• **GIVEN RECORDS**:
-*-*-

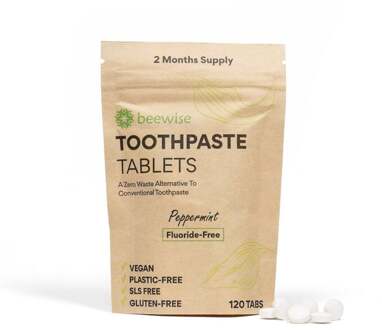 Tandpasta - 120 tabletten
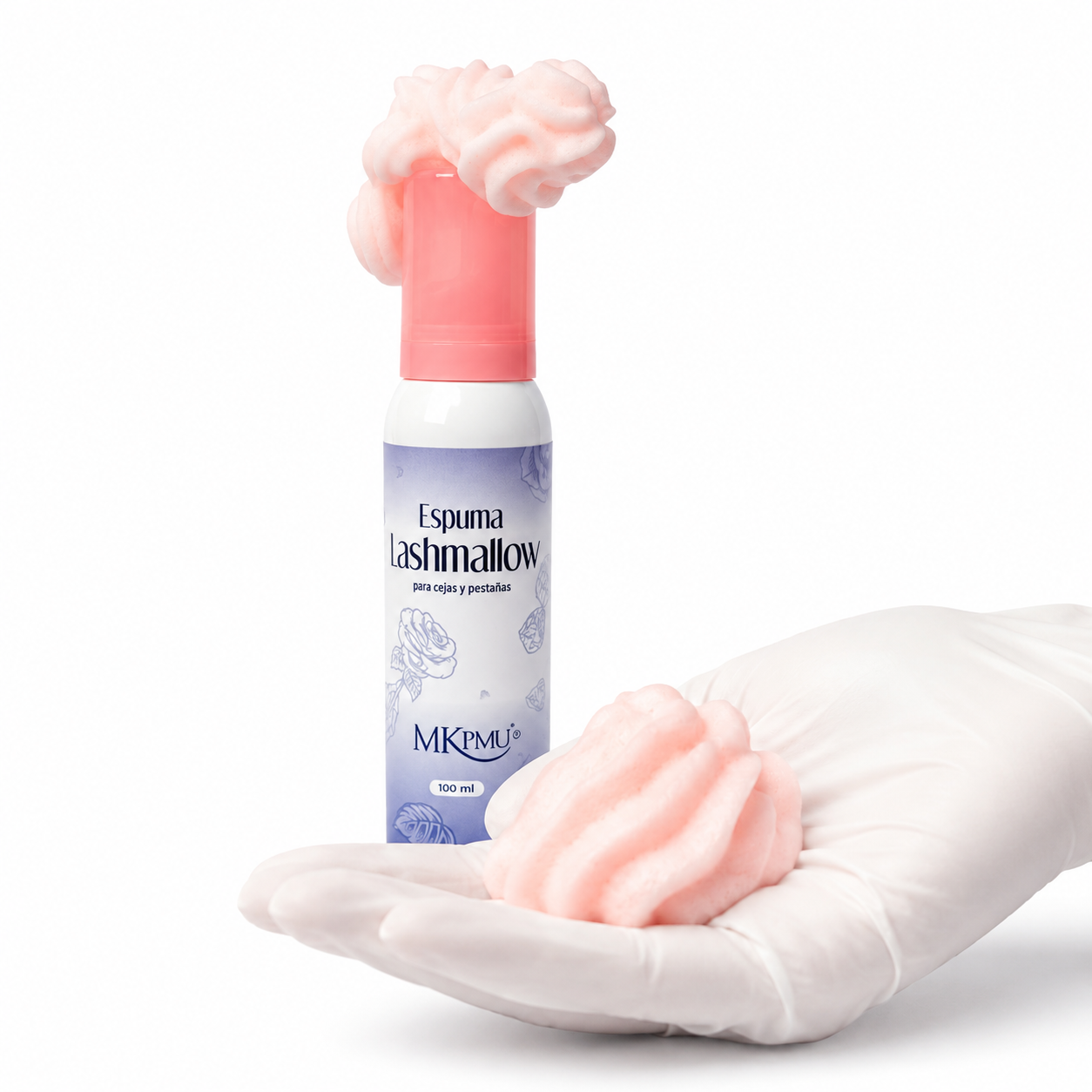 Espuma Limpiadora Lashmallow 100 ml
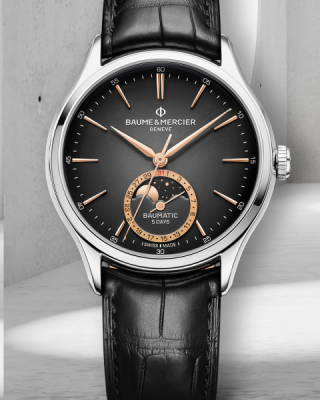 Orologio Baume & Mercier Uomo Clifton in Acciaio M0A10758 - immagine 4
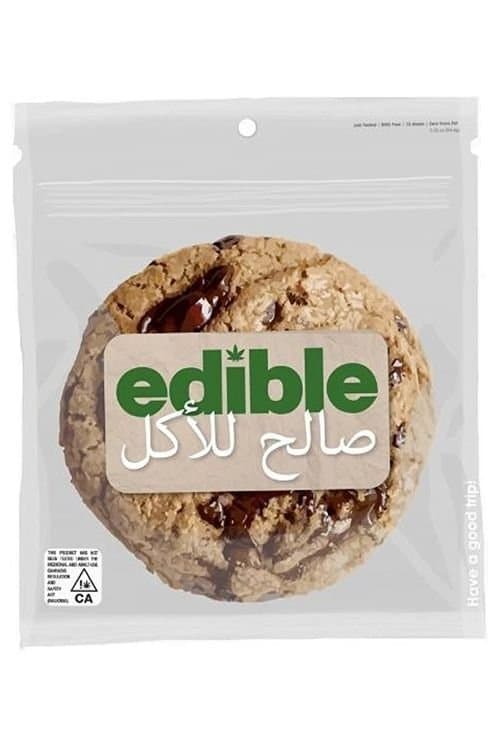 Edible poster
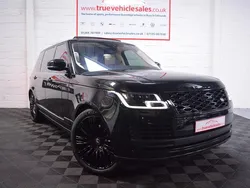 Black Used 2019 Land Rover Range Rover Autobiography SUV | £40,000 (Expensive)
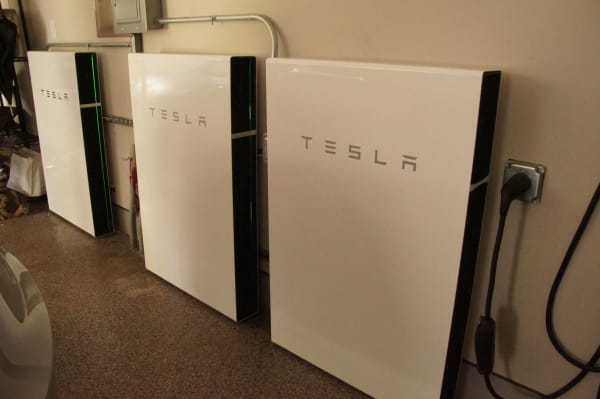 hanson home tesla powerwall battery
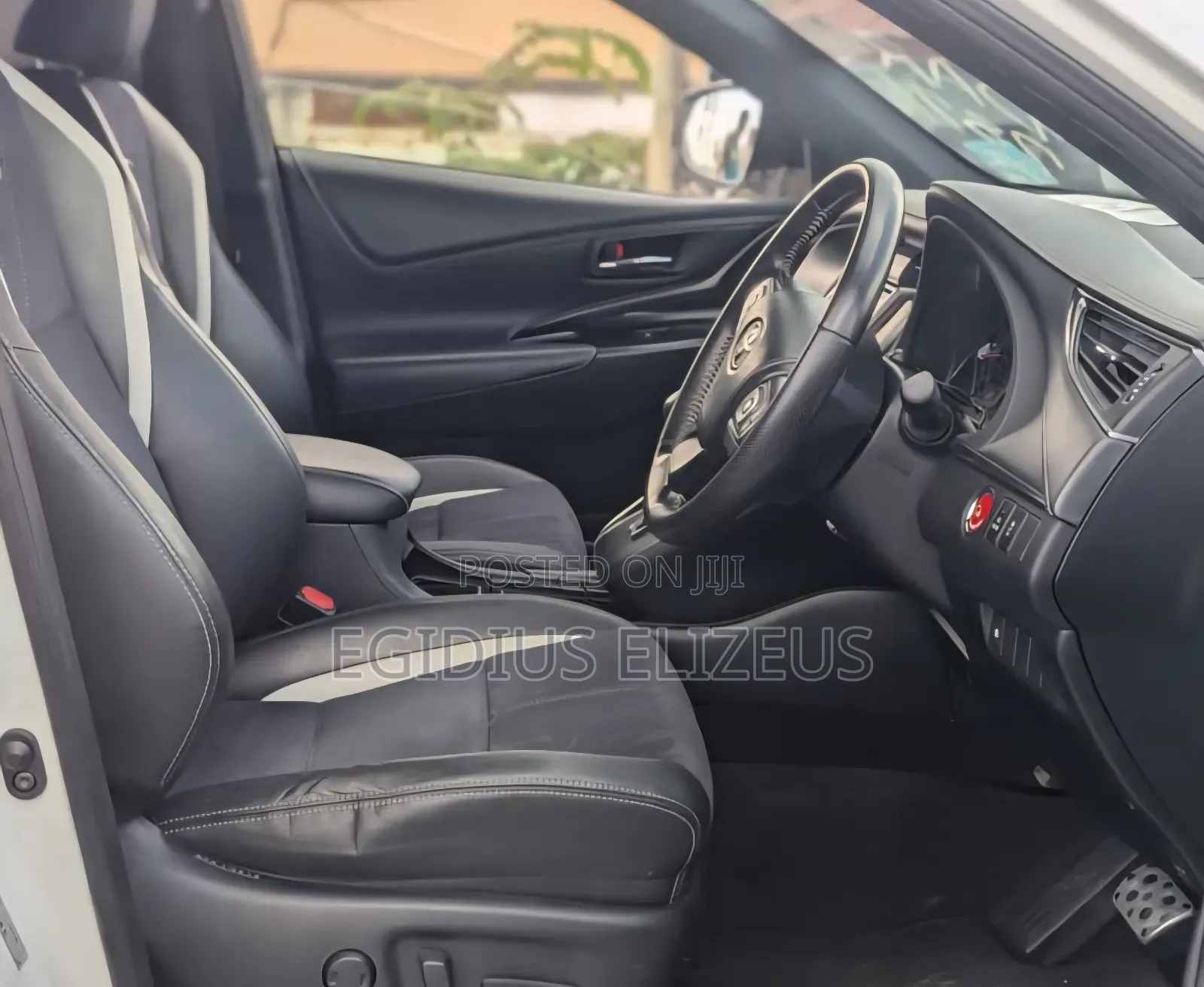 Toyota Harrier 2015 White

-*-*-

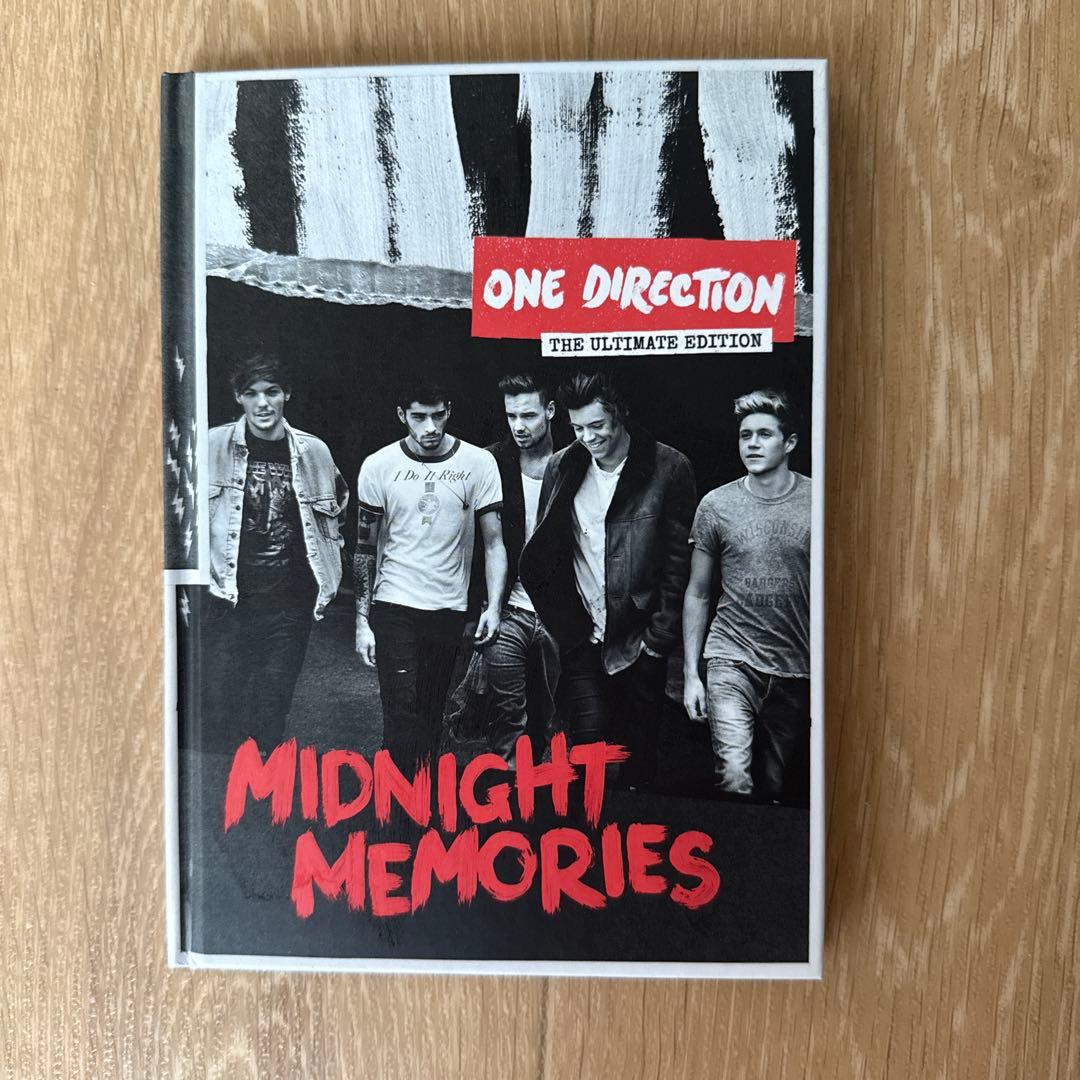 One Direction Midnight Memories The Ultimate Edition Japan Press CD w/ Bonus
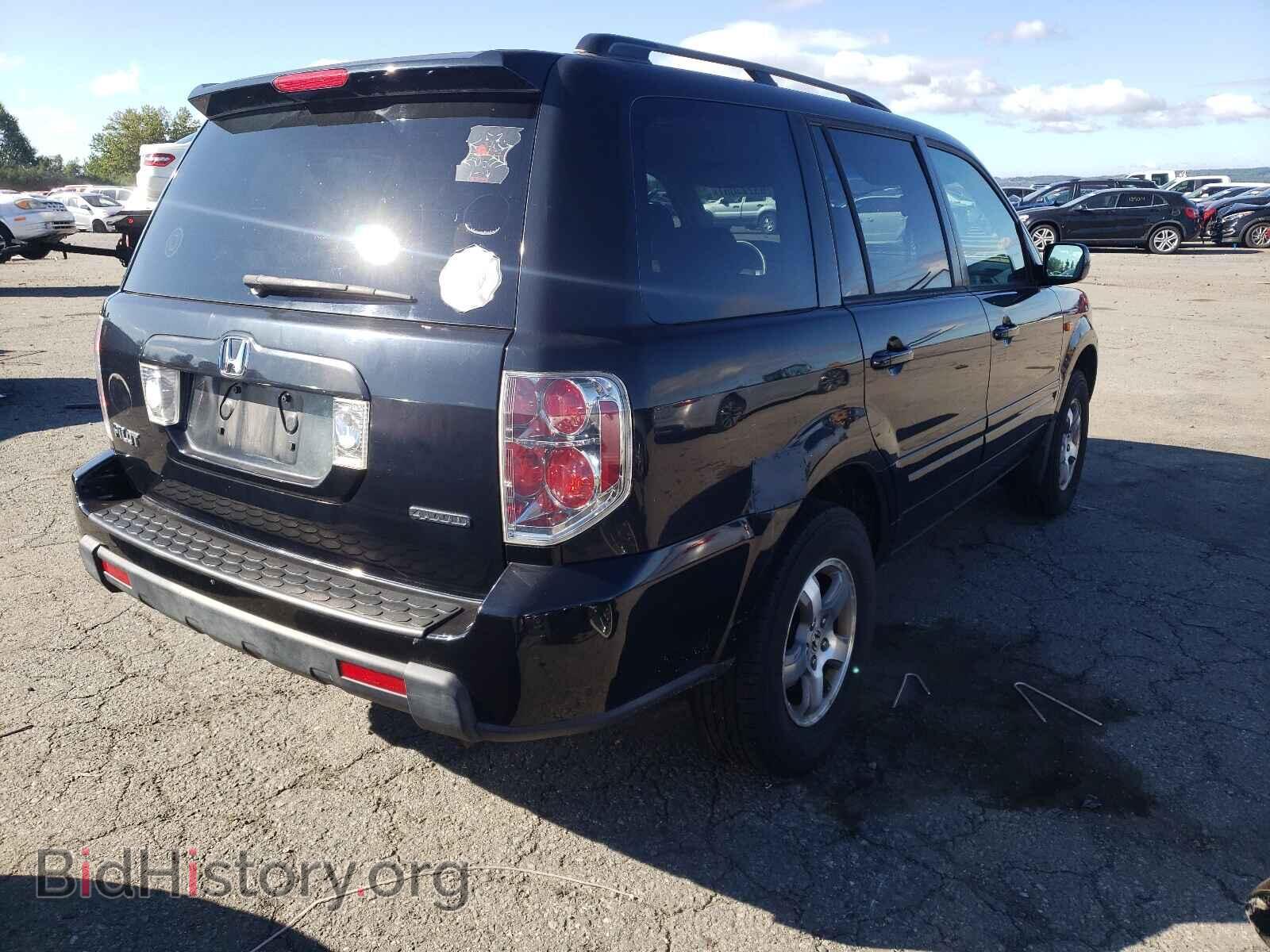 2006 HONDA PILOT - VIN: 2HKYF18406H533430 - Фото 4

-*-*-

• **WORK TO BE COMPLETED**: Within these entries, output exactly the lines starting at the one with "Tandpasta - 120 tabletten" and finishing at the one with "Toyota Harrier 2015 White". Leave pictures out of the output.

• **TASK RESULT**:
 Tandpasta - 120 tabletten
 Espuma Limpiadora Lashmallow 100 ml
 Orologio Baume & Mercier Uomo Clifton in Acciaio M0A10758 - immagine 4
 Edible poster
 Black Used 2019 Land Rover Range Rover Autobiography SUV | £40,000 (Expensive)
 hanson home tesla powerwall battery
 Toyota Harrier 2015 White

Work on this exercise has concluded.